Voyeurism beyond Hitchcock's wildest dreams

Ayelet Zurer is all nuanced expressiveness as Alice. Photo: Supplied

Critic's Chair: Guy Somerset salutes Losing Alice, a compelling eight-part psychological thriller showing on Apple TV+

Who doesn’t like a compliment, a bit of flattery? But, unless you happen to be Donald J Trump, when the flattery spills over into sycophancy you tend to get suspicious.

Alice Ginor (Ayelet Zurer) in Losing Alice is the acclaimed auteur of a bunch of heavily sexual feminist films that sound like a soft-core cross between Catherine Breillat and Erika Lust. Now enduring the frustrations and boredom of stay-at-home motherhood in the suburbs of Tel Aviv, Alice is interrupted on a train journey home by gushing young fan Sophie (Lihi Kornowski), who knows Alice’s work inside out and turns herself inside out praising her.
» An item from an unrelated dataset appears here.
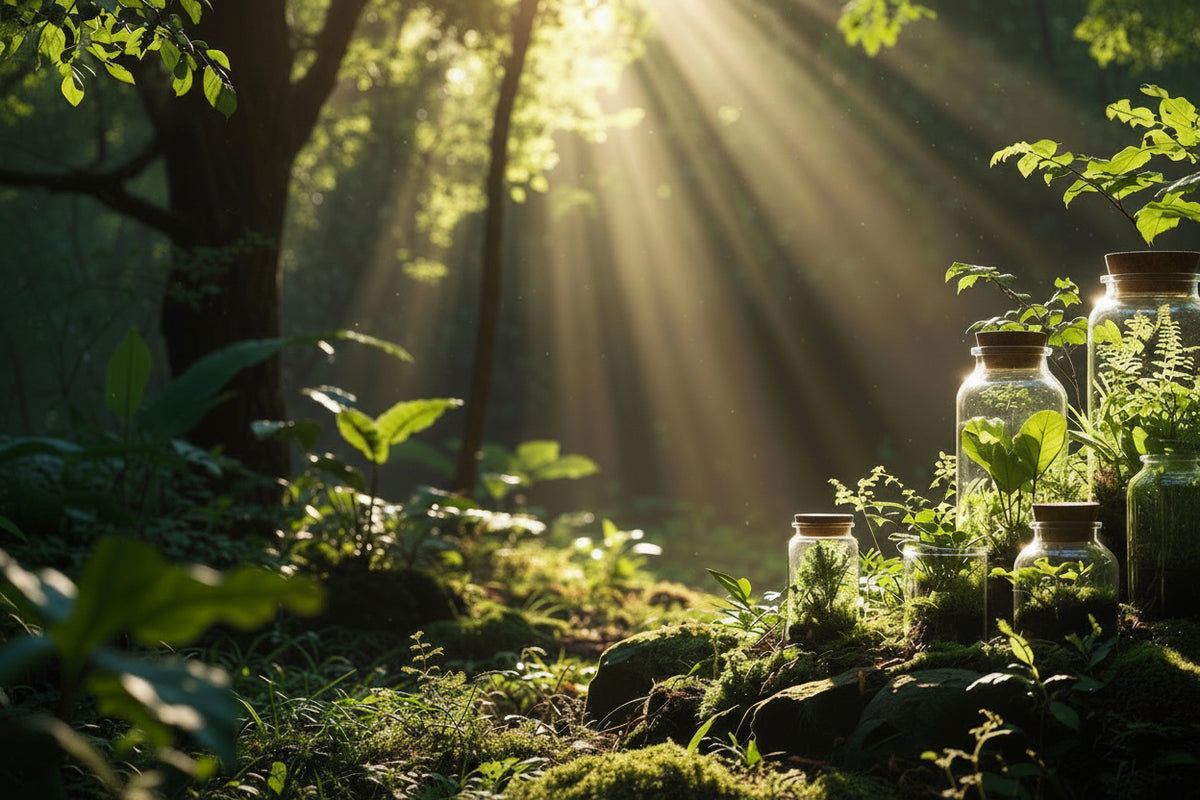 Sunlight filtering through trees with jars containing plants on a forest floor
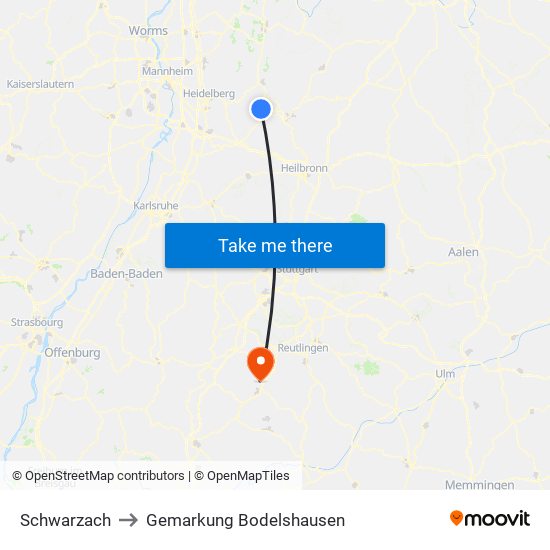 Schwarzach to Gemarkung Bodelshausen map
Alarm bells ring. For the viewer at least. Alice is abashed and uncomfortable, but also appreciates the attention now her filmmaking is in the past and her identity revolves around her three daughters and is overshadowed by famous actor husband David (Gal Toren).

Of course, the viewer has the advantage of knowing they are watching a psychological thriller. Losing Alice, for all that it explores the gaps, and lack of them, between art and life, for all its layers of stories within stories, its blurring of what is real and what is made up or fantasy, isn’t quite ready to stretch its self-awareness to busting the fourth wall altogether and have Alice alert to the warning signs of the genre in which she finds herself.

If she were, she might be more on top of the show’s many allusions to Alfred Hitchcock and of the general rule that meetings of strangers on a train don’t end well in these kinds of story. She might take more cues from the show’s eerie and decidedly Hitchcockian score.

Even with the fourth wall intact, surely she and David have made enough films to understand the principles of foreshadowing and the symbolism of being menaced by a wild boar while replacing a flat tyre on their car and noting the need to ignore it and not make any sudden movements. As for boars maybe also for batshit-crazy femme fatales.

In another scene, as David releases a trapped rat, Sophie’s older boyfriend Ami (Shai Avivi) tells him: “You know if you set it free it’ll just come back. Known fact. You gotta drown it while it’s in the trap. Just so the fucker doesn’t jump out.”

Known fact indeed.

But no, David is soon signed up to star in the film of Sophie’s own heavily sexual screenplay and when the director first disappears and then is found dead (suicide being the accepted – and most benign – explanation) Alice is persuaded to direct.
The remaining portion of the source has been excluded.